The DBE/C ratio estimates double bond density and aromaticity by normalizing DBE to the number of carbons. Under this approach, DBE/C $\ge$ 0.5 suggests an aromatic structure, and DBE/C $\ge$ 0.67 suggests a condensed aromatic structure.

DOM_sample$assigned_formulas %>% 
  dplyr::filter(DBE == 1) %>% 
  dplyr::select(chem_formula, mz, ppm_error, DBE, DBEtoC) %>% 
  dplyr::arrange(mz) %>% 
  head()

Aromaticity/Modified Aromaticity Index

The introduction of an O atom to a molecular formula does not change the number of DBEs, but reduces the number of C=C double bonds if C=O double bonds are present. Similarly, the introduction of an N atom (and corresponding H atom) reduces the number of C=C double bonds if C=N double bonds are present.

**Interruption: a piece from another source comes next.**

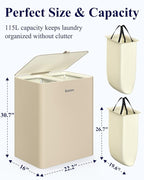 Kitsure Laundry Basket 115L – Large Laundry Hamper with Lid, 2-Compartment Divided Clothes Sorter with Removable Hamper Bags, Beige Organizer for Laundry Room, Bathroom & Bedroom, 22.2" x 16" x 30.7"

The aromaticity index (AI) created by Koch & Dittmar (2006) assumes that heteroatoms form double bonds, and offers a more conservative estimate of aromaticity. Similar to the DBE/C ratio, AI $\ge$ 0.5 suggests an aromatic structure, and AI $\ge$ 0.67 suggests a condensed aromatic structure.

Because NMR spectroscopy frequently shows that dissolved organic matter (DOM) has high carboxyl content, the modified aromaticity index (ModAI) treats one-half of the oxygen as carboxyl oxygen, rather than carbonyl oxygen. This increases the number of compounds that qualify as aromatic or condensed aromatic structures, but is still more conservative than DBE/C ratios.

The get_sample_data() function computes the ModAI by default. It is also possible to compute the unmodified aromaticity index using the compute_arom_index() function and designating "AI" in the AItype argument.

DOM_sample$assigned_formulas <- compute_arom_index(DOM_sample$assigned_formulas,
                                                   AItype = "AI")

The following excerpt compares DBEtoC, AI, and ModAI values:

DOM_sample$assigned_formulas %>%
  dplyr::select(chem_formula, mz, DBE, DBEtoC, AI, ModAI) %>%
  dplyr::arrange(mz) %>% 
  head()  

In the example above, is not aromatic under any of the aromaticity measures. Nevertheless, when a search for $C_{11}H_{16}O$ is performed In PubChem, one of the proposed structures for $C_{7}H_{6}O_{4}$ is dihydroxybenzoic acid. However, the DBE to C ratio suggests that the formula represents a condensed aromatic, the AI suggests that it isn't aromatic, and the ModAI suggests that it's aromatic in nature. ModAI probably is most appropriate for DOM, but each estimate is an average value for the entire molecule. Accordingly, the indices are best viewed as describing whether the entire compound is more or less aromatic in nature, on average, rather than as indicators of the presence of aromatic functional groups.

Useful Elemental Ratios

The get_sample_data() function computes H to C, O to C and N to C ratios by default, but other elemental ratios can also be computed using the compute_elemental_ratios() function. diagrams, For example, Zark et al. 2017 (doi: 10.1016/j.marchem.2017.02.005) have developed a method for estimating numbers of carboxyl groups from O/H ratios.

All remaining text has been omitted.